■ YOUR TASK: Your copy of the listing should match it exactly, only without pictures.

START DATASET EXTRACT

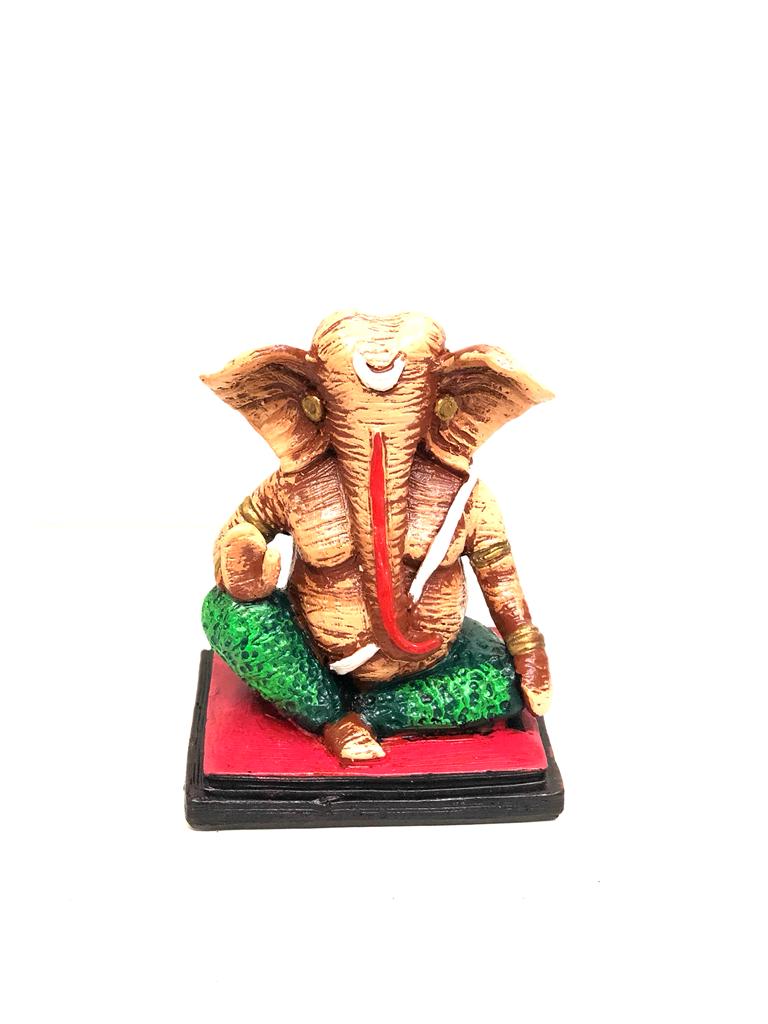 Outstanding Artwork On Ganesha Idols With Limited Edition Design Tamrapatra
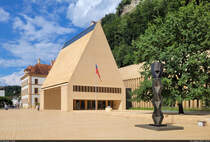 2008 erffnet wurde das Landtagsgebude des Frstentums Liechtenstein. Es steht neben dem Regierungsgebude auf dem Peter-Kaiser-Platz in Vaduz. Im Plenarsaal finden 25 Abgeordnete Platz.

🕓 1.8.2024 | 16:19 Uhr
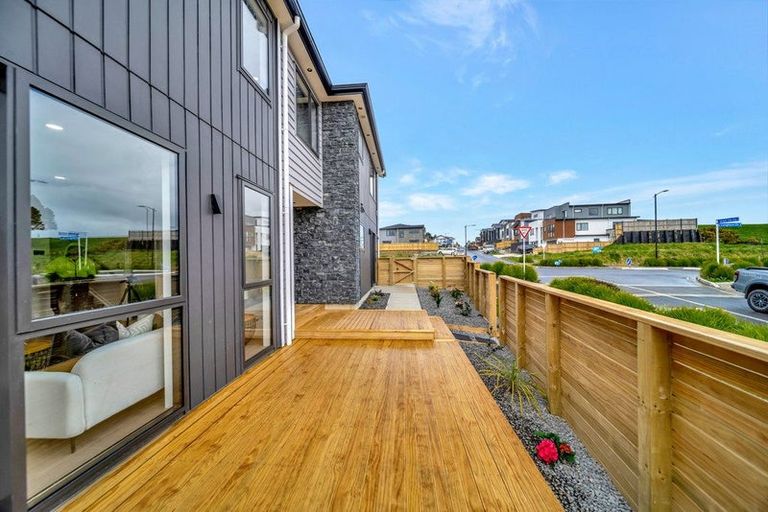 Photo of property in 1 Verdant View Avenue, Flat Bush, Auckland, 2019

END DATASET EXTRACT

■ ANSWER SPACE:
 Outstanding Artwork On Ganesha Idols With Limited Edition Design Tamrapatra
 2008 erffnet wurde das Landtagsgebude des Frstentums Liechtenstein. Es steht neben dem Regierungsgebude auf dem Peter-Kaiser-Platz in Vaduz. Im Plenarsaal finden 25 Abgeordnete Platz.

🕓 1.8.2024 | 16:19 Uhr
 Photo of property in 1 Verdant View Avenue, Flat Bush, Auckland, 2019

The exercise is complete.